Details
-
Bug
-
Resolution: Unresolved
-
Major
-
None
-
Untriaged
-
Unknown
Description
When a node is ejected out of the cluster, the following set of operations are performed by the ns_cluster process on the node leaving the cluster:
- Creates a “leave marker” to indicate the beginning on the leave procedure.
- Empties the users storage.
- Stops most of the ns_server processes.
- Wipes out the stats archive.
- Disconnects from the other nodes in the cluster by regenerating a new Erlang cookie.
- Resets the address of the node back to 127.0.0.1
- Clears the ns_config copy and reinitialize with default values.

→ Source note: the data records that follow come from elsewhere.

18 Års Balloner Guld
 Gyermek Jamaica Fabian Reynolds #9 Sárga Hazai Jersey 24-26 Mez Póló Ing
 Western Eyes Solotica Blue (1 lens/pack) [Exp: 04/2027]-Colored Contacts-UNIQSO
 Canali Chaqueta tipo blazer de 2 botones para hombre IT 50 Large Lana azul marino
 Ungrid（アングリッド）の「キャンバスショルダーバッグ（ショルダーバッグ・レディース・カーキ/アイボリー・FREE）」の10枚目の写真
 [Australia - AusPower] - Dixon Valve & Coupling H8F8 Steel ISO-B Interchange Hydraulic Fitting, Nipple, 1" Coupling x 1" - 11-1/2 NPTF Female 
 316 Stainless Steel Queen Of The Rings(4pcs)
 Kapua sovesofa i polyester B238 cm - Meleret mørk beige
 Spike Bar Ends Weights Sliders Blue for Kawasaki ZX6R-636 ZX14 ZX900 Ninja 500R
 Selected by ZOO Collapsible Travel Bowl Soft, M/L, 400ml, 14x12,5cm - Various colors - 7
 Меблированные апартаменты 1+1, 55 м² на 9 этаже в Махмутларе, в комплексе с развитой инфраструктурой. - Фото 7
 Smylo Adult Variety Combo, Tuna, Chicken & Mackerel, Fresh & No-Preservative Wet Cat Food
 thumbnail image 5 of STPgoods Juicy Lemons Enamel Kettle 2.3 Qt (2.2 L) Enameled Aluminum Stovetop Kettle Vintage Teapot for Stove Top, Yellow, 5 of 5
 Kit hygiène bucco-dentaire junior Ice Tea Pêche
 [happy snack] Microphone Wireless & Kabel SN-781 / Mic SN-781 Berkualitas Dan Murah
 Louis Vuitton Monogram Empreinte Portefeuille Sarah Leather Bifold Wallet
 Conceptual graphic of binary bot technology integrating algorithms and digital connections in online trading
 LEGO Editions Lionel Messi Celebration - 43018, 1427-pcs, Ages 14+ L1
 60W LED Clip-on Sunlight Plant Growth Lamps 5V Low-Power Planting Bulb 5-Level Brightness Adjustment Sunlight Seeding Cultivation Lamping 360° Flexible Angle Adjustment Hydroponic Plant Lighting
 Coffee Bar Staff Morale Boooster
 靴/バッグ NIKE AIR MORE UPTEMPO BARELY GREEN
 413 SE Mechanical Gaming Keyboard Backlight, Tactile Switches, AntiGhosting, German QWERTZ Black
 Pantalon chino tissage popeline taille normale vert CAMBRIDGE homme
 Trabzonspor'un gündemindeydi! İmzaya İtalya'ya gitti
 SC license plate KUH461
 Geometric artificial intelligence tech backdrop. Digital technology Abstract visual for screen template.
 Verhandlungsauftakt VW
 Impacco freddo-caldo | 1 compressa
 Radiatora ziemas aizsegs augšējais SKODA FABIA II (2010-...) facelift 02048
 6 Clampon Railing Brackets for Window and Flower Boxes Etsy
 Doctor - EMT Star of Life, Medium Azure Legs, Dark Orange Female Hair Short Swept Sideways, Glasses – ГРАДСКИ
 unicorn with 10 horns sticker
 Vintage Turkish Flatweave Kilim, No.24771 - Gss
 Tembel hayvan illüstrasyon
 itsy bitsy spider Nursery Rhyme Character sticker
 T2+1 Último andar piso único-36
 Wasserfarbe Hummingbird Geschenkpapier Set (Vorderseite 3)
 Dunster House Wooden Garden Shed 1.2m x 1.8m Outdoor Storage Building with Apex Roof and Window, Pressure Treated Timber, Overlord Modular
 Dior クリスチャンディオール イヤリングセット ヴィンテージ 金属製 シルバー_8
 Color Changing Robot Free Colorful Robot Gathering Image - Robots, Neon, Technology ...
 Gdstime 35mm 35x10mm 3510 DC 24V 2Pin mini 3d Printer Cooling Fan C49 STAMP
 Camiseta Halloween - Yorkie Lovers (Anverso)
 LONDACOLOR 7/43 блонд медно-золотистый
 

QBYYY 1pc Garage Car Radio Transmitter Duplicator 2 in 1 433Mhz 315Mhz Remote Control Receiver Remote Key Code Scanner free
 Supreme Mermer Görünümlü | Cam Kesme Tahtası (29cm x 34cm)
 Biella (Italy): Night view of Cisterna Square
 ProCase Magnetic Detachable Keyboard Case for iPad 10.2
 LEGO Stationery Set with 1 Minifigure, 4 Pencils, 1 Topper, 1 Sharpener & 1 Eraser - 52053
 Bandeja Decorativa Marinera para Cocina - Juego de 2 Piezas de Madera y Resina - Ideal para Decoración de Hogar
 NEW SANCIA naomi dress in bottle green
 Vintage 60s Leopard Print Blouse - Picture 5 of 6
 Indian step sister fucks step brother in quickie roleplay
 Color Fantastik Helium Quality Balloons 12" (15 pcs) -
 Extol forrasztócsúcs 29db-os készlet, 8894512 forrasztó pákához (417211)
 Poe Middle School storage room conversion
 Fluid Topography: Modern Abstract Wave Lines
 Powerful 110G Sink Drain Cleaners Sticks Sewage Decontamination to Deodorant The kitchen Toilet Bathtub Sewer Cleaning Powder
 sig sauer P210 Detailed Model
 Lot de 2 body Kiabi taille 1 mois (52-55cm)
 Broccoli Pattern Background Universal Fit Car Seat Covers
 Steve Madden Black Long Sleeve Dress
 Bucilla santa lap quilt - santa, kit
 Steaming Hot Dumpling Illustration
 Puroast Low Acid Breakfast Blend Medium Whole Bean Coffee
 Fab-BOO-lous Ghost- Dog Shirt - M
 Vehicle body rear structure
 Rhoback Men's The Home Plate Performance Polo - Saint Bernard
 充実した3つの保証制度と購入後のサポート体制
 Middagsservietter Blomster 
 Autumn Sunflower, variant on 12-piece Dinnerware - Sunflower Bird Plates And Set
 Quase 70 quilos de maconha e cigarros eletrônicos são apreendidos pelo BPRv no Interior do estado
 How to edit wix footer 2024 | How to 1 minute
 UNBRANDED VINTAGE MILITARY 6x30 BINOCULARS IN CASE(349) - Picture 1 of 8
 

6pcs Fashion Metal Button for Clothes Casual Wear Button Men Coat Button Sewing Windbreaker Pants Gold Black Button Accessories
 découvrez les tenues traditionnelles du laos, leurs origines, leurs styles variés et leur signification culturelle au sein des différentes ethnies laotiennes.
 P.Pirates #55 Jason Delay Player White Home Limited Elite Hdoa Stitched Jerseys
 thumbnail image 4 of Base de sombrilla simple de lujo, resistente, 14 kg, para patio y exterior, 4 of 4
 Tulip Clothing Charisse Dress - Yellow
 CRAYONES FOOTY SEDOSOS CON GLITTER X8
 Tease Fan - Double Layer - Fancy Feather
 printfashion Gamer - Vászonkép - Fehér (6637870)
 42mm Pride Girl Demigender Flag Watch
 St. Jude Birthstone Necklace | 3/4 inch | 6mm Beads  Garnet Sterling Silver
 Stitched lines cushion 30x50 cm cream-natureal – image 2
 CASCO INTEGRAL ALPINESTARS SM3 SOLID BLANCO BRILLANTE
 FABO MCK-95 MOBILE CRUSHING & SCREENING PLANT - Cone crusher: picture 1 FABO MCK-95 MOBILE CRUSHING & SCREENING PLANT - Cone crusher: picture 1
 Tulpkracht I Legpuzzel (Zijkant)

- Updates the nodes_wanted list to self.
- Creates a “start processes marker” to indicate that the ns_server processes were being restarted (the ones stopped earlier).
- Deletes the “leave marker”.
- Restarts all the stopped processes.
- Restarts memcached.
- Deletes the “start processes marker” to signify the end of the leave procedure.
If for some reason ns_cluster crashes before completing step 10, then when ns_cluster is restarted it attempts perform the leave again as the marker has not been cleared. As part of the leave when ns_cluster tries to perform step 2 it crashes with noproc exception as the downstream process responsible for clearing the user storage wouldn't have started yet.